Exercise instructions:
Lines from the top of the entries through the line that has "Продаж 2-кімн.квартири в центрі Луцька" must be duplicated exactly, and no others.

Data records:
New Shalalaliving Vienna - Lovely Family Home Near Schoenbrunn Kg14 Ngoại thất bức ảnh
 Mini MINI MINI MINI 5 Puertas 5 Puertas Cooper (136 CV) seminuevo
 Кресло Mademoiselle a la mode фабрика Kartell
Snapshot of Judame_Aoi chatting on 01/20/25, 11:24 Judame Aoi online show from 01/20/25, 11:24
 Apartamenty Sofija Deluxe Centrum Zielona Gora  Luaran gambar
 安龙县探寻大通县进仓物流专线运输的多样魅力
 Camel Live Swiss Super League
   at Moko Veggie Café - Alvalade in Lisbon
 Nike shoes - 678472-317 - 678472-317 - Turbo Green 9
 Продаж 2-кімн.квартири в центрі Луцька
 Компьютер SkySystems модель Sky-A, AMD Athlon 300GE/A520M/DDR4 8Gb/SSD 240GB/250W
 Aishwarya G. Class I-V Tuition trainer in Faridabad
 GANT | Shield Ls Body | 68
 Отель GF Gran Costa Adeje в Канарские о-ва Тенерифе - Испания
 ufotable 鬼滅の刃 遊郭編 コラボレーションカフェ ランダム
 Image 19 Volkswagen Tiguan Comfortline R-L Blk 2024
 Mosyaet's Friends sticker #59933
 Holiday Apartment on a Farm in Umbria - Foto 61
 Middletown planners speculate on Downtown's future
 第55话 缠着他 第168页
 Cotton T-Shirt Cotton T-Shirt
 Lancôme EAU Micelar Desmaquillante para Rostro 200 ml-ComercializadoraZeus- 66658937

Answer to this exercise:
New Shalalaliving Vienna - Lovely Family Home Near Schoenbrunn Kg14 Ngoại thất bức ảnh
 Mini MINI MINI MINI 5 Puertas 5 Puertas Cooper (136 CV) seminuevo
 Кресло Mademoiselle a la mode фабрика Kartell
Snapshot of Judame_Aoi chatting on 01/20/25, 11:24 Judame Aoi online show from 01/20/25, 11:24
 Apartamenty Sofija Deluxe Centrum Zielona Gora  Luaran gambar
 安龙县探寻大通县进仓物流专线运输的多样魅力
 Camel Live Swiss Super League
   at Moko Veggie Café - Alvalade in Lisbon
 Nike shoes - 678472-317 - 678472-317 - Turbo Green 9
 Продаж 2-кімн.квартири в центрі Луцька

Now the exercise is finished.